= Ugal =

Indonesian instrument

The ugal is an instrument in the Indonesian gamelan orchestra. It is a bronze metallophone played one handed with a small hammer, often in a dance-like manner. There are usually ten keys, giving a maximum range spanning about two octaves. Like the gangsa and gendèr, they are suspended over tuned bamboo resonators.

The ugal features mainly in gamelan gong kebyar, where it carries the central melody (pokok) of the piece. Sometimes it may give its melodic duty to the jublag, where it then takes over as the leader of a kotekan.

There is often only one ugal in the kebyar ensemble, and it is usually deeper toned. It is played by one of the leaders of the ensemble. A second, higher toned ugal is sometimes used. The ugal is taller than the other gangsa, and the player sits on a short stool, so as to allow the player to cue the ensemble visually with ease.
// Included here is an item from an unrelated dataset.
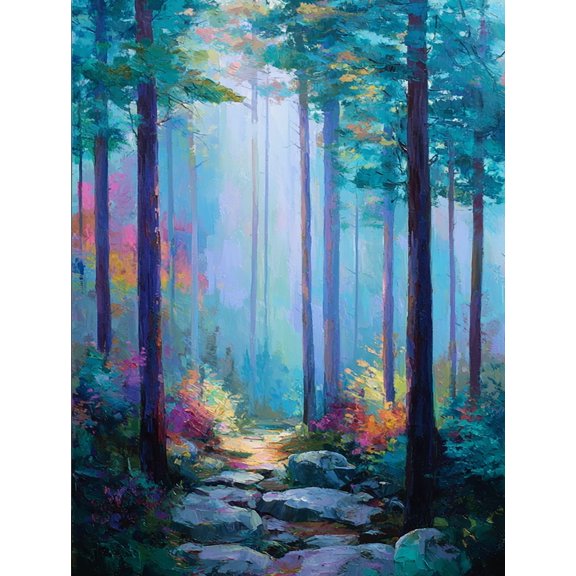Qisvanset Mystical Forest Path Impressionist Canvas Wall Art 15.75x11.81 INCHES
The instrument also has 10 keys, with a range of two octaves, and is played with a hard wooden mallet, slightly larger than the other gangsa panguls and usually with additional ornamentations so the leader's sometimes theatrical cues actively catch the light. Its notes are an octave lower than those of the gangsa pemadé. The ugals play a combination of gangsa parts and cues, melodic solos, and the underlying melody with flourishes. The first, front ugal cues and plays elements of the polos interlocking gangsa part (the part that plays more often on the beat), and if there is a second ugal, it plays elements of the sangish part (gangsa notes more often off the beat).